Substitute $1\text{ mA}$ for $i$ and $50.48\times {10}^{-3}\Omega$ for $R_{\text{B75}}$ in equation (5).

$\begin{array}{c}{p}_{\text{B75}}=\left({\left(1\text{ mA}\right)}^2\times 50.48\times {10}^{-3}\Omega \right)\\ =\left({\left(1\times {10}^{-3}\text{ A}\right)}^2\times 50.48\times {10}^{-3}\Omega \right)\left\{\because 1{\text{ mA=10}}^{-3}\text{ A}\right\}\\ =5.048\times {10}^{-8}\text{ W}\\ \text{=50}\text{.48 nW }\left\{\because 1{\text{ W=10}}^9\text{ nW}\right\}\end{array}$

Substitute $\text{248}\text{.35 nW}$ for $p_{\text{B415}}$ and $\text{50}\text{.48 nW }$ for $p_{\text{B75}}$ in equation (6).

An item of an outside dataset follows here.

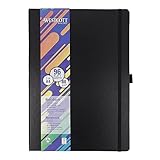 Westcott Notizbuch DIN A4 kariert | 192 Seiten im edlen Hardcover-Einband | 80 g/m² nachhaltiges FSC-Mix Papier | mit Innentasche, Lesezeichen, Gummizug und Stifthalter | E-1744829 00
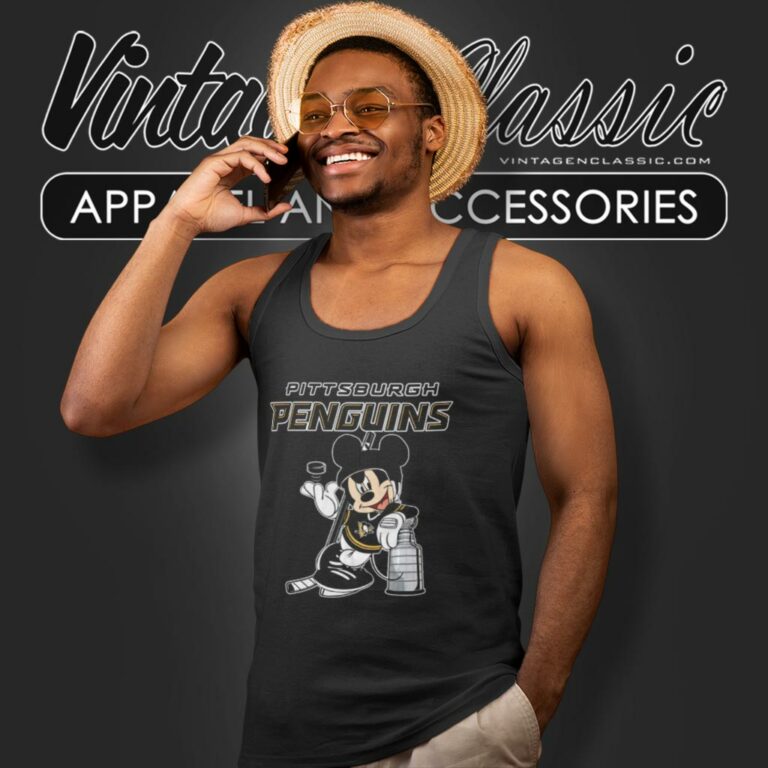 Pittsburgh Penguins Mickey Ice Hockey Tank Top Racerback Pittsburgh Penguins Mickey Ice Hockey Tank Top Racerback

$\begin{array}{c}{p}_t=\left(\frac{\text{248}\text{.35 nW}-\text{50}\text{.48 nW}}{\text{248}\text{.35 nW}}\times 100\right)\text{ \%}\\ =\left(\frac{197.87\text{ nW}}{\text{248}\text{.35 nW}}\times 100\right)\text{ \%}\\ =79.67\text{ \%}\end{array}$

Conclusion:

Thus, the power wasted in aluminum $-$ clad steel $\text{B415}$ wire is $\text{248}\text{.35 nW}$ and the resistive power reduced by using $\text{B75}$.is $79.67\text{ \%}$.